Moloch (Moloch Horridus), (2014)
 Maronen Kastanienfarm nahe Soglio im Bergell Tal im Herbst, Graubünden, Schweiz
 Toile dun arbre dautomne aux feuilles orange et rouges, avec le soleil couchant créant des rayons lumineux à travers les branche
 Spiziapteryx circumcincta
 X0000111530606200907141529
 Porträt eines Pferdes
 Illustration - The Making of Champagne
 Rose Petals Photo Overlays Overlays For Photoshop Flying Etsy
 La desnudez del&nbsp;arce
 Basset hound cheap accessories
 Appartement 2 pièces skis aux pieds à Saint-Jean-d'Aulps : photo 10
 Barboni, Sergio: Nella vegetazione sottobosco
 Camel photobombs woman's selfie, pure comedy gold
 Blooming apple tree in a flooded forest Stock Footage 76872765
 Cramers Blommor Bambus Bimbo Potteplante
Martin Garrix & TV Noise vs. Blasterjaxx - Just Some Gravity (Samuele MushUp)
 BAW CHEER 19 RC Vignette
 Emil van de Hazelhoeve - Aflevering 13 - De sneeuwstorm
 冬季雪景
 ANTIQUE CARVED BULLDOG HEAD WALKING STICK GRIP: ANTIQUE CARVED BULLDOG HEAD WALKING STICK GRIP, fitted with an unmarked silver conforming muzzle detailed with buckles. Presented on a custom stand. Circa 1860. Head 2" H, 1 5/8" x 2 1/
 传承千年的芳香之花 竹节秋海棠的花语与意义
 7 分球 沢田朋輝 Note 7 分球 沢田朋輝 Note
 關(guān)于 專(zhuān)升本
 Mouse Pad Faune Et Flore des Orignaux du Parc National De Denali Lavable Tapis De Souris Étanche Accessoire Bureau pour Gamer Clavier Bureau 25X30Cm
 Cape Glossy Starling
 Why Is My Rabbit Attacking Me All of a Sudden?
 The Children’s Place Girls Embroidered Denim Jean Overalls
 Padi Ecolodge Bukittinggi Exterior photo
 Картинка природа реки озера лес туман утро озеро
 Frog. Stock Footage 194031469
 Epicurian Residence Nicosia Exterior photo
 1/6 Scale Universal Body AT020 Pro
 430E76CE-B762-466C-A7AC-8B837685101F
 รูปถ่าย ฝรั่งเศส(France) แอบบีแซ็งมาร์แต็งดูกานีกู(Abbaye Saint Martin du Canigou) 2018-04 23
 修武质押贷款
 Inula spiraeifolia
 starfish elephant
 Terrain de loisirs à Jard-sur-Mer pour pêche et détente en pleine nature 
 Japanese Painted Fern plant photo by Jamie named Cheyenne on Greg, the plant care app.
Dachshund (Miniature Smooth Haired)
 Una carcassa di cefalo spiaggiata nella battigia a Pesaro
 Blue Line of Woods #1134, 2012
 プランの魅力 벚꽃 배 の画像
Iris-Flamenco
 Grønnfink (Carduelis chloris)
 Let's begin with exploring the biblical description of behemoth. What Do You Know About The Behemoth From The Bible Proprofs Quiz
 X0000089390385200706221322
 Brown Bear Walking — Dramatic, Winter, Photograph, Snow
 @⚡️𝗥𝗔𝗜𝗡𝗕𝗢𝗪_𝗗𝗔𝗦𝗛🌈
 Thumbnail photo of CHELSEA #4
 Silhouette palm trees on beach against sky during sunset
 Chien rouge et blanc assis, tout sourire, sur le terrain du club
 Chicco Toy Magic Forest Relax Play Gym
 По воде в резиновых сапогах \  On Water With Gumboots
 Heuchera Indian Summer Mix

····················

If a line falls between the first line of the entries and the line containing "Basset hound cheap accessories", or is one of those two, restate it word for word; leave all other lines out.

- **Result below**:
Moloch (Moloch Horridus), (2014)
 Maronen Kastanienfarm nahe Soglio im Bergell Tal im Herbst, Graubünden, Schweiz
 Toile dun arbre dautomne aux feuilles orange et rouges, avec le soleil couchant créant des rayons lumineux à travers les branche
 Spiziapteryx circumcincta
 X0000111530606200907141529
 Porträt eines Pferdes
 Illustration - The Making of Champagne
 Rose Petals Photo Overlays Overlays For Photoshop Flying Etsy
 La desnudez del&nbsp;arce
 Basset hound cheap accessories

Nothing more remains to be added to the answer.